(RECORDS SHOWN)
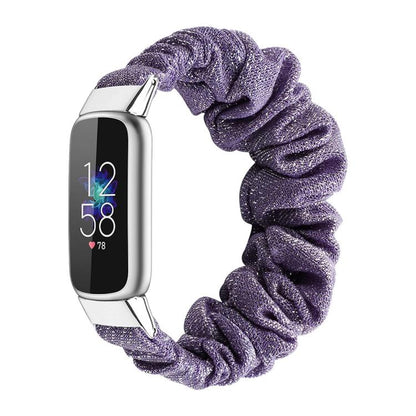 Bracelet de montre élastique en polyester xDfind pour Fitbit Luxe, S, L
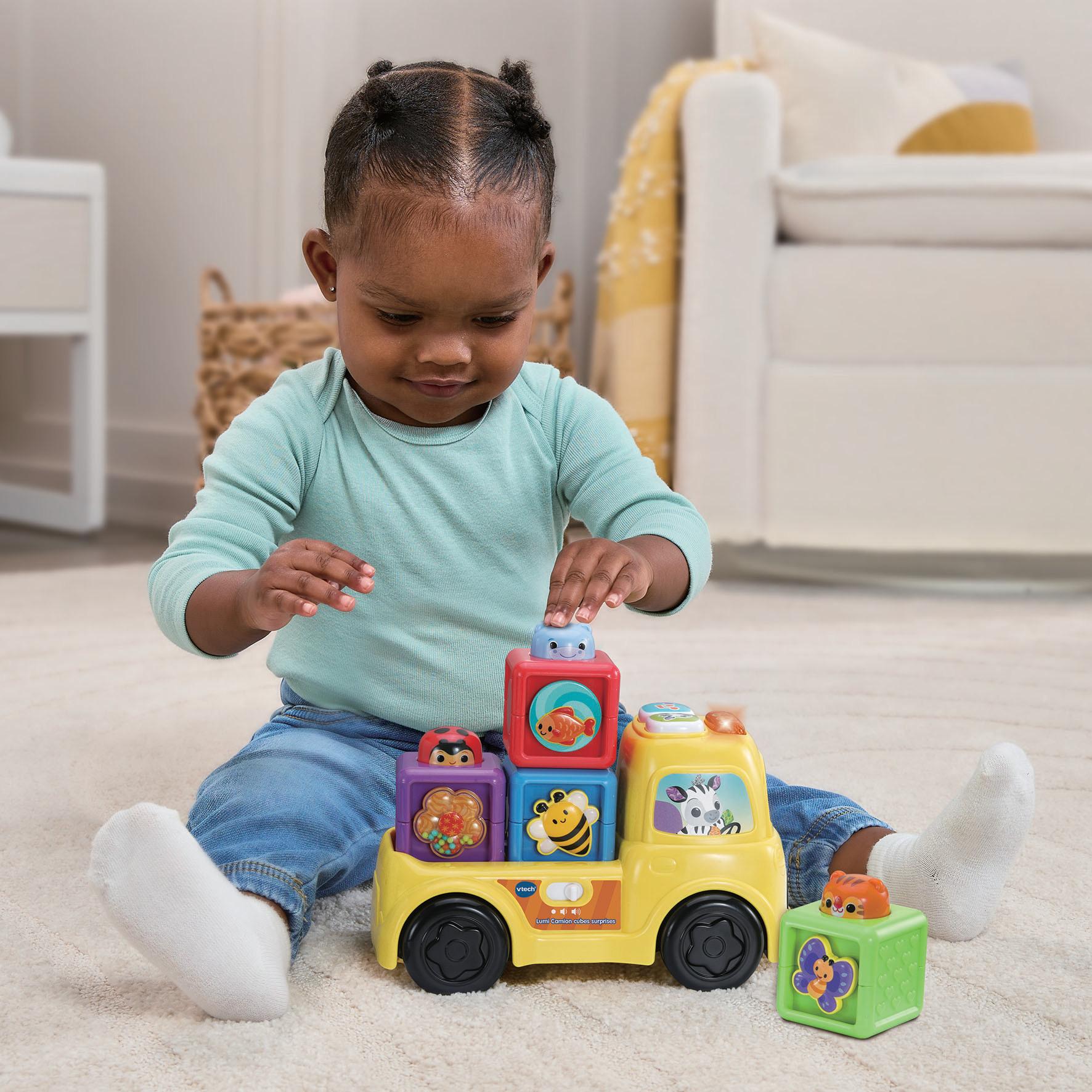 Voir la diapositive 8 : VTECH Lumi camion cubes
(End RECORDS SHOWN)
(RECORDS SHOWN)
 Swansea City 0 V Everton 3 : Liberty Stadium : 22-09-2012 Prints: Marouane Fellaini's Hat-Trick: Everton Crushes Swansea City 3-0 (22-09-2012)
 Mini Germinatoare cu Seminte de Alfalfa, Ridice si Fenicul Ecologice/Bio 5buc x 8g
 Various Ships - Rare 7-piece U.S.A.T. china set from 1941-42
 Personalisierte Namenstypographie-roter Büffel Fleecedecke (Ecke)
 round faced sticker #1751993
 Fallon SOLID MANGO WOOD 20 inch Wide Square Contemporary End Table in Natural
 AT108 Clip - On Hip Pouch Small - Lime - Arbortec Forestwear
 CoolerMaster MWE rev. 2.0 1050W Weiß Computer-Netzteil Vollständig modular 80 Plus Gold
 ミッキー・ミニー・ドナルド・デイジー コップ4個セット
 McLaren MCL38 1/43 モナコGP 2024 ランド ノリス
(End RECORDS SHOWN)
#### WORK REQUIRED
Everything starting at the line containing "round faced sticker #1751993" and ending at the line containing "AT108 Clip - On" in the records above should be repeated exactly, and only that.

#### ANSWER TO THE PROBLEM
 round faced sticker #1751993
 Fallon SOLID MANGO WOOD 20 inch Wide Square Contemporary End Table in Natural
 AT108 Clip - On Hip Pouch Small - Lime - Arbortec Forestwear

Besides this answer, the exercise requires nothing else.